A fast response craft from Ocean Shield tows clearance diver Michael Arnold as he searches the ocean for debris, April 8. Reuters/Australian Defence Force


SYDNEY—After a month scouring vast stretches of land and ocean for Malaysia Airlines Flight 370, search crews are focusing on regaining contact with underwater signals consistent with the missing jet’s black box flight recorders that were first detected Saturday.

Like a solitary hunter stalking its prey, the Australian naval ship Ocean Shield—a hand-me-down from Norway’s oil and gas industry—continued to sweep a 7-mile strip of the southern Indian Ocean on Tuesday. It is towing a U.S. Navy device nearly 2 miles beneath the ocean surface, listening for pings from the black boxes’ emergency-locator beacons.

Though an aerial search for possible plane debris continued, authorities are increasingly of the view that the underwater search offers the best hope of pinpointing a possible crash site before the beacons stop emitting signals, if they haven’t already done so.

“This is the most positive, definitive lead we’ve had and we are pursuing it,” said Australian Defense Minister David Johnston, whose country is leading the multinational search off its remote western coast. “We are throwing everything at this difficult, complex task in at least the next several days whilst we believe these two pingers involved are still active.”

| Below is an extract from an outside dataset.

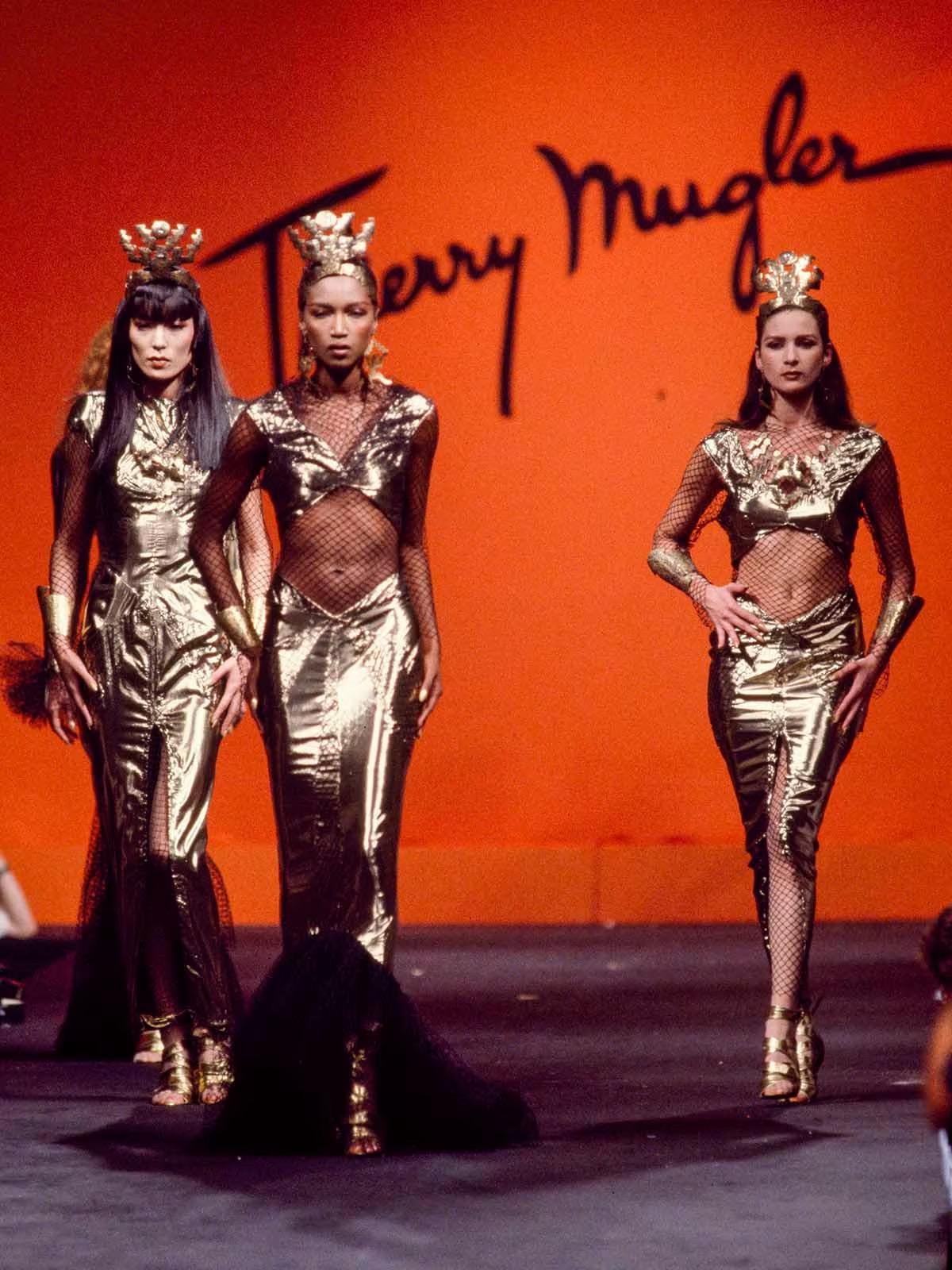 An iconic and highly coveted Thierry Mugler couture metallic gold lamé and fishnet hourglass gown dating back to his documented 1985 spring/summer collection. Garments from this show are next to impossible to find. This legendary French fashion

Beacons on the two flight recorders aboard the plane have an estimated battery life of about 30 days before they stop emitting signals. It has been more than that since the plane vanished on March 8 on a flight from Kuala Lumpur to Beijing with 239 people on board.

To avoid interfering with the delicate search for signals, authorities said Tuesday they are holding back on deploying any other ships or underwater vehicles to the search zone. Ocean Shield has been operating since April 4 in an area that investigators—based on radar, satellite communications and other data—believe is the most likely spot where the plane may have crashed. Choosing to deploy the Bluefin-21, a torpedo-shaped submersible drone currently strapped to the ship’s deck, would mark another switch in the search, effectively signaling an end to hopes of further signals from the black boxes.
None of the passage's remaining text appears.